The 10.24 kilometers were broken up into five 2,000-meter loops. Each loop took the runners through a water splash, a mud pit, a sand pit, through a beer tent, up a 10-percent incline over the roof of the Moesgaard Museum, and around a 180-degree turn.
While the field is always full of many of the best distance runners around the globe, the terrain was a challenge unto itself. The American women were led by Stephanie Bruce, who took 33rd in 39:09, followed by Sarah Pagano (50th), Anne-Marie Blaney (51st), Karissa Schweizer (56th), Marielle Hall (58th), and Courtney Frerichs (78th).
“I’m proud of Team USA’s effort even if it wasn’t the result we were looking for,” Bruce wrote on an Instagram post. “We found each other, worked together when we could. We all managed fatigue out there.”

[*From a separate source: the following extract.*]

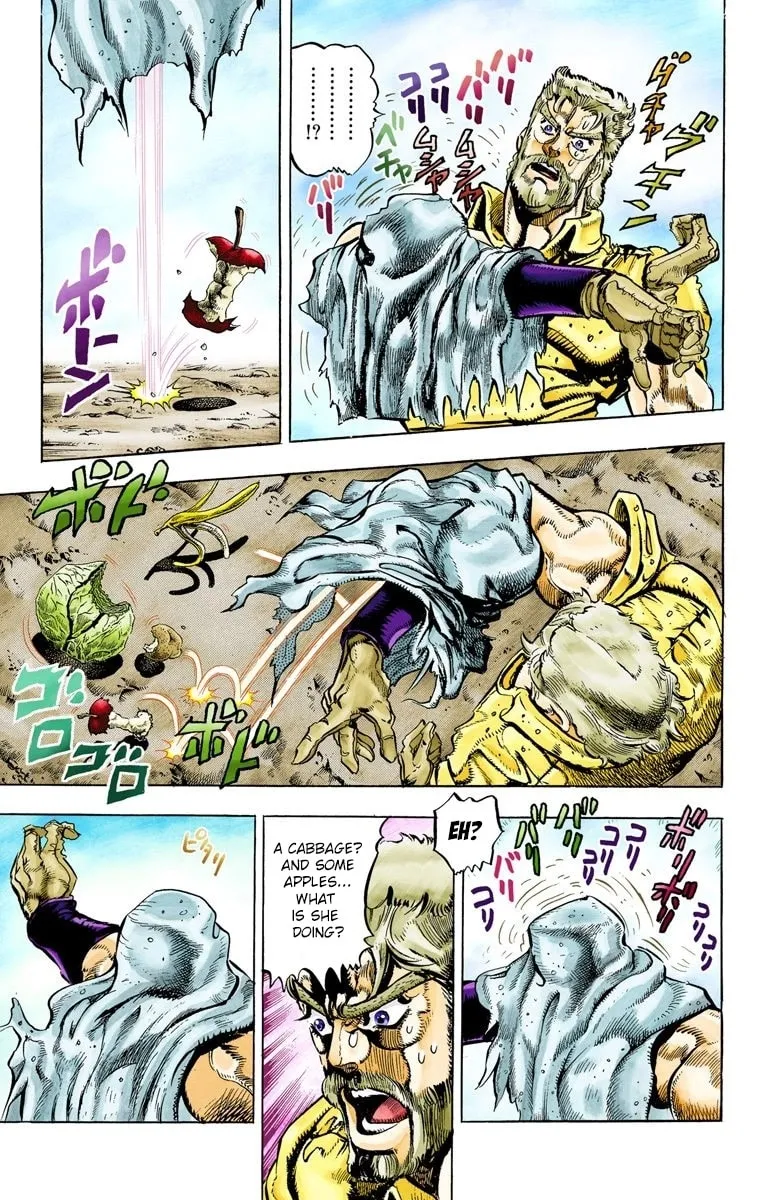 JoJo no Kimyou na Bouken Part 3: Stardust Crusaders Colored Manga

Frerichs, who is the American record holder in the 3,000-meter steeplechase (9:00.85) and world silver medalist in the same event, said she was disappointed with her performance, but hoping it builds strength for the upcoming outdoor track season.
“Well, not really sure what to say about that one except, ouch,” she wrote on Instagram. “Definitely one of the hardest days of racing I’ve ever had and without a doubt the toughest race I’ve ever experienced.”
Kenya’s Hellen Obiri, who is the reigning 5,000-meter world champion, won in 36:14, making her the first woman in history to claim world champion titles in cross country, indoor track, and outdoor track. After the race, she said she won’t return to the grass.
“It is really special,” Obiri said. “It was my debut IAAF World Cross Country Championships and my only chance to do it. I now don’t need to do any more cross country.”
Ethiopia won the women’s team gold, followed by Kenya (silver), and Uganda (bronze).